The data can also be merged with other World Bank datasets such as the Global Payment Systems Survey (GPSS) to facilitate a deeper understanding of how different financial behaviors and infrastructures fit together. For example, our new paper co-authored with Franklin Allen and Sole Martinez Peria uses the Global Findex microdata and GPSS data and finds that greater ownership and use of accounts (e.g. for savings) is associated with a better enabling environment for accessing financial services, such as lower banking costs. Furthermore, unbanked adults are less likely to report cost or distance as a barrier to account ownership in countries with lower costs of opening and maintaining an account.

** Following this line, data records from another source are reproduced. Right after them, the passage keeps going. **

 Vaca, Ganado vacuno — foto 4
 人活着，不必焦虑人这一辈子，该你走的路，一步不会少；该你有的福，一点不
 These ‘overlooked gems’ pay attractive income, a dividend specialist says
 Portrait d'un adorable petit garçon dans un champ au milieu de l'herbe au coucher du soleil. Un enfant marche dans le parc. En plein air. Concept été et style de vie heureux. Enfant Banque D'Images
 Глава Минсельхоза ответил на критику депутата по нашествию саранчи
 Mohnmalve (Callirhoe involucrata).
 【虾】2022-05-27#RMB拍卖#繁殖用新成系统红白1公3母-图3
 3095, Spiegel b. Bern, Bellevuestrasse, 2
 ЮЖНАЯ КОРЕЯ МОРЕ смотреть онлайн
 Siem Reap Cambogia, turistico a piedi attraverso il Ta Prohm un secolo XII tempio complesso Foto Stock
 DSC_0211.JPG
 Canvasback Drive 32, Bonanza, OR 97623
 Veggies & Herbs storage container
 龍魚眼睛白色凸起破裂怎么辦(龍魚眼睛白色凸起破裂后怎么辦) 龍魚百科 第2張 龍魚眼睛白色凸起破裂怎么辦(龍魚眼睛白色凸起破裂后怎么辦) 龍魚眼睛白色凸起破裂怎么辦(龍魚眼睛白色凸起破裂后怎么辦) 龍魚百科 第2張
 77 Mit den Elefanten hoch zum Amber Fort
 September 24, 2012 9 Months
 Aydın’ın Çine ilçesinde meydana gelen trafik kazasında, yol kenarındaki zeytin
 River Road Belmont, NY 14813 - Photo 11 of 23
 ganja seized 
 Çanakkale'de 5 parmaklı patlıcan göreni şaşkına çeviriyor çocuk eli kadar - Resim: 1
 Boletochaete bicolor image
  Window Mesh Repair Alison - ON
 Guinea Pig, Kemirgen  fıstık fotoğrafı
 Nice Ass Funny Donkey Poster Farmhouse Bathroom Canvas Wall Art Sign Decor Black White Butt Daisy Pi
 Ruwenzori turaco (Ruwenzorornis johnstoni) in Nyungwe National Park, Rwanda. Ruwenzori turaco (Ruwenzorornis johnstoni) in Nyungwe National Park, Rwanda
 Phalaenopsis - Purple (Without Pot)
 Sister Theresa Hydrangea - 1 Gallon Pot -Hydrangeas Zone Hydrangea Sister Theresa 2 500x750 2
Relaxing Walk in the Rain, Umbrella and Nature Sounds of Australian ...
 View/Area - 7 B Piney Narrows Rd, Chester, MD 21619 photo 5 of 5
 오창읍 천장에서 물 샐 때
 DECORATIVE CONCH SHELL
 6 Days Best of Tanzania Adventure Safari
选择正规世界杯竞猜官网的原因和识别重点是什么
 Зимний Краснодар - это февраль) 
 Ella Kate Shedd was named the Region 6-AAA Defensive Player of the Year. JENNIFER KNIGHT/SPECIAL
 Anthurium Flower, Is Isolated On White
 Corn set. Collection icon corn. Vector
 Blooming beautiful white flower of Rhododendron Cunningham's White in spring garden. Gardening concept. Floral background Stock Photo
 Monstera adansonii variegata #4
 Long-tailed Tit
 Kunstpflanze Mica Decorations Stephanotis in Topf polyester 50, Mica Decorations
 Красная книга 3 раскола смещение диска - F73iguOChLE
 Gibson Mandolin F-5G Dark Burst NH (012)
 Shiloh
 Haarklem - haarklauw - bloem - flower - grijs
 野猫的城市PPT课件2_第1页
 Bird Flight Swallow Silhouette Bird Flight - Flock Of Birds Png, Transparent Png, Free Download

We encourage you to view and download the data yourself through theGlobal Findex homepage or directly from the microdata catalogue.

The Global Findex data were collected by Gallup, Inc. using the Gallup World Poll Survey. The Research Group is building the database with a 10-year grant from the Bill and Melinda Gates Foundation.

For more information see:
Asli Demirguc-Kunt and Leora Klapper, 2012, "Measuring Financial Inclusion: The Global Findex", World Bank Policy Research Working Paper 6025.

Allen, Franklin, Asli Demirguc-Kunt, Leora Klapper, and Maria Soledad Martinez Peria, 2012, "The Foundations of Financial Inclusion: Understanding Ownership and Use of Formal Accounts", World Bank Policy Research Working Paper 6290.

Antonina Redko
December 19, 2012

Recently I visited Kazakhstan and Moldova and was pleasantly surprised at the great number of ATMs in big cities, and the fact that debit cards are making their way into consumer wallets. (Credit cards are not in wide use, though). But still quite a big difference compared to just five years ago. I looked at the variables in the Findex catalog and the numbers tell the same story. For example, Kazakhstan Findex 2011 dataset shows that 31.3 % of respondents said they have a debit card, and only 8.6 % answered they have a credit card. Making these raw datasets open allows researches and journalists shape their narrative about consumers' financial habits and share these findings either through media outlets or scientific papers. According to DEC press-release, the data will be updated in 2014 and 2017. It will be interesting to study and compare changes in consumer behavior.